Welcome to the opening on Sunday 1 Dec at 11 am – 5 pm! Free entrence all day. Director Sara Arrhenius presents the grant recipients and opens the exhibition at 1pm.
The Maria Bonnier Dahlin Foundation awards an annual grant for the support of young Swedish visual artists and artistic work. The Foundation was founded in 1985 by Jeanette Bonnier in memory of her daughter Maria. Bonniers Konsthall’s inaugural exhibition in autumn 2006 presented all previous grant recipients. Since its inception, 70 artists have been awarded grants by the Foundation. Previous grant recipients include Cecilia Edefalk, Karin Mamma Andersson, Jacob Dahlgren and Gunnel Wåhlstrand. The 2012 Grant Recipients were Pauliina Pietilä, Sara Wallgren and Nadja Bournonville.

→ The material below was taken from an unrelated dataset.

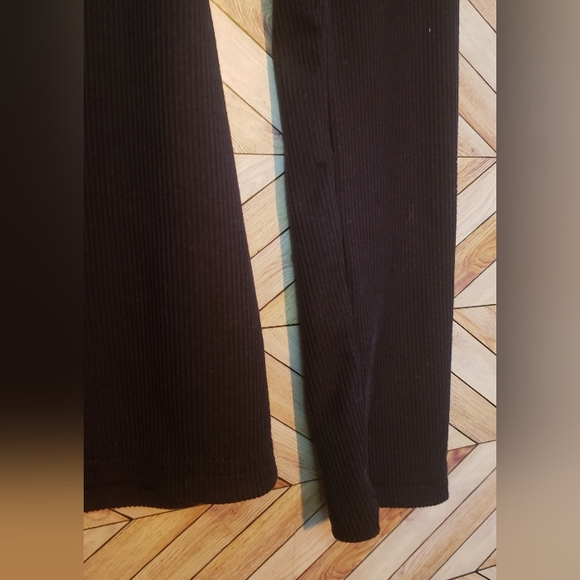 Ribbed Black L/S Scoop Neck Top | Size Small - Picture 3 of 3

Guest jury 2013: Stefanie Hessler and Håkan Rehnberg
Josef Bull
Explanatory Statement of the Jury: There is an inquisitiveness and humour in Josef Bull’s work that is difficult to resist. The instruments he works with offer a heightened experience to take place between people, as if the air we share carries an artistic community within it. Bull creates batteries out of lemons and other fruit, breathing apparatuses and other mystical objects, and yet his spiritualism is more grounded than not, more a nod to a historical phenomenon translated into artistic experimentation and invented figures.
Olof Inger
Explanatory Statement of the Jury: Olof Inger has his very own divining rod, one that places artistic impulse just a single step before the actual execution of an artwork. Any and all effort appears to vanish. ‘Containers’, a collection of shrink-wrapped masses, address the notion of consumerism and monumentally increasing wastage. Deeply anchored in the physical world, they approximate a sort of white noise. His drawings meditating on movement, which begin and end at the same point, create a secure circuit ever convincing in its expressive strength.
Nanna Nordström
Explanatory Statement of the Jury: Nanna Nordström creates a brand-new visual repertoire of materials, shapes and relationships between objects in her installations, a visual collection dressed in ideas and notions impossible to put into words. Experimenting with the relationship between a textual versus visual language, Nordström works in the middle ground that exists between the two, utilising the untranslatable. By suspending common objects in space, she inspires unique situations and contexts, testing the object’s physicality and identity through newfound constellations.